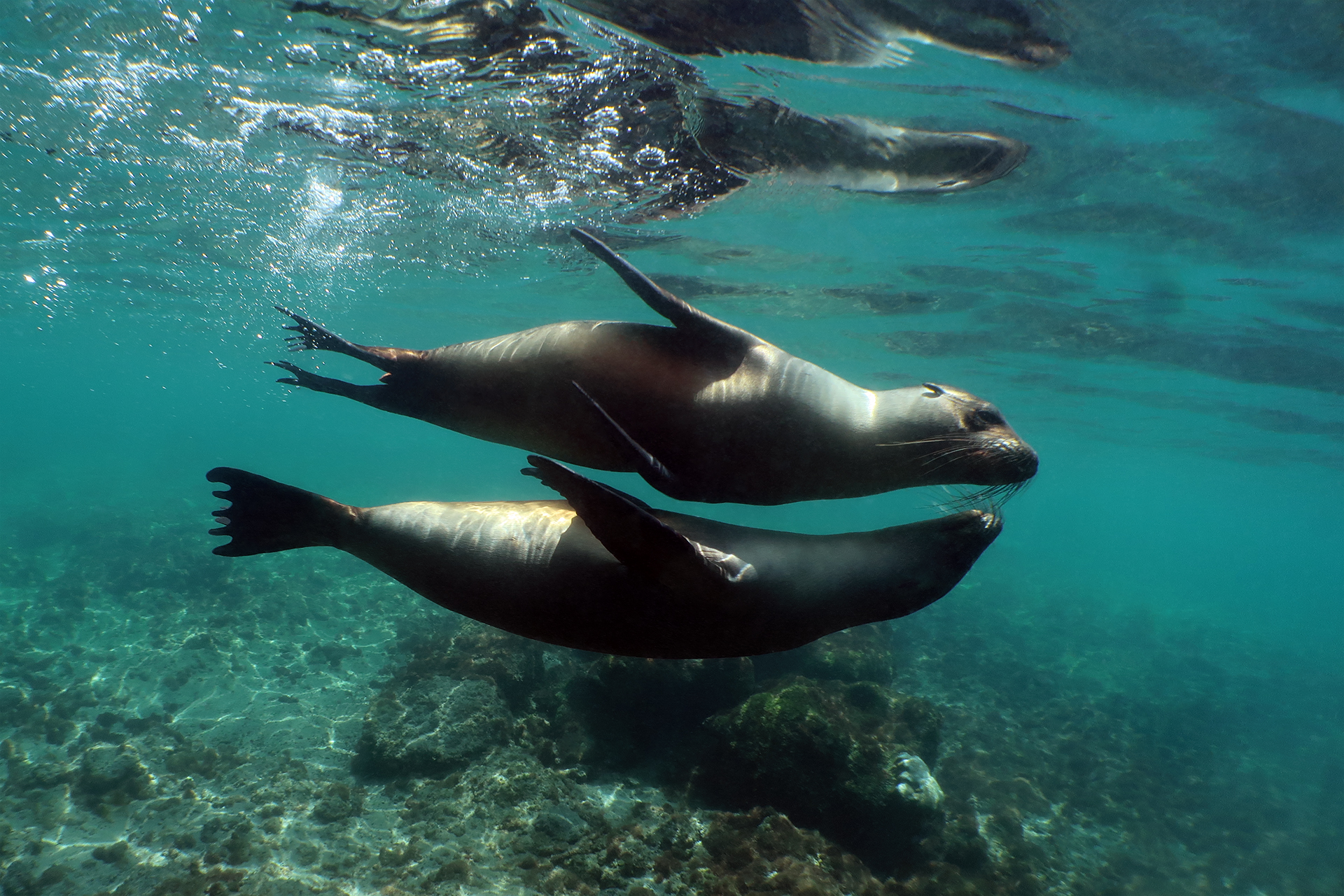 Galapagos-Seelöwen Galapagos-Seelöwen
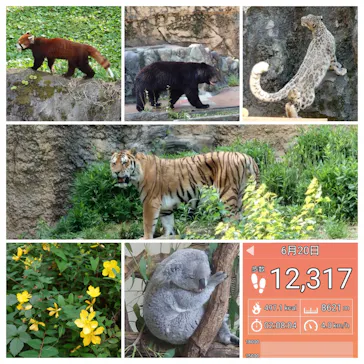 多摩動物公園に投稿された画像（2025/6/22）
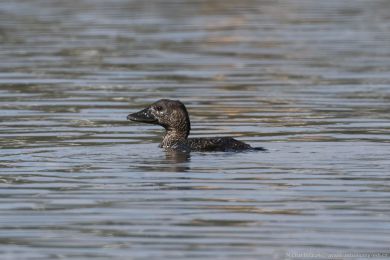 Kachnice lalonatá (Biziura lobata)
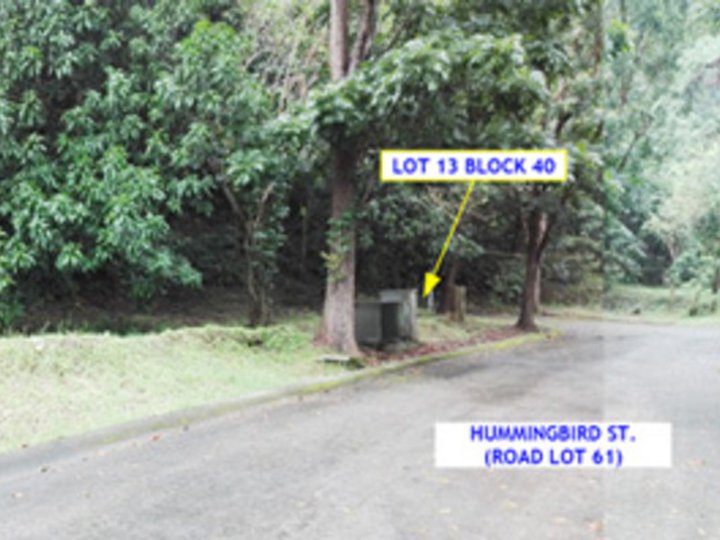Foreclosed 397 sqm Residential Lot For Sale in Laurel Batangas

———

Say again, word for word, every line from the one with "多摩動物公園に投稿された画像（2025/6/22）" through the last line of the data above, minus the pictures.

 多摩動物公園に投稿された画像（2025/6/22）
 Kachnice lalonatá (Biziura lobata)
Foreclosed 397 sqm Residential Lot For Sale in Laurel Batangas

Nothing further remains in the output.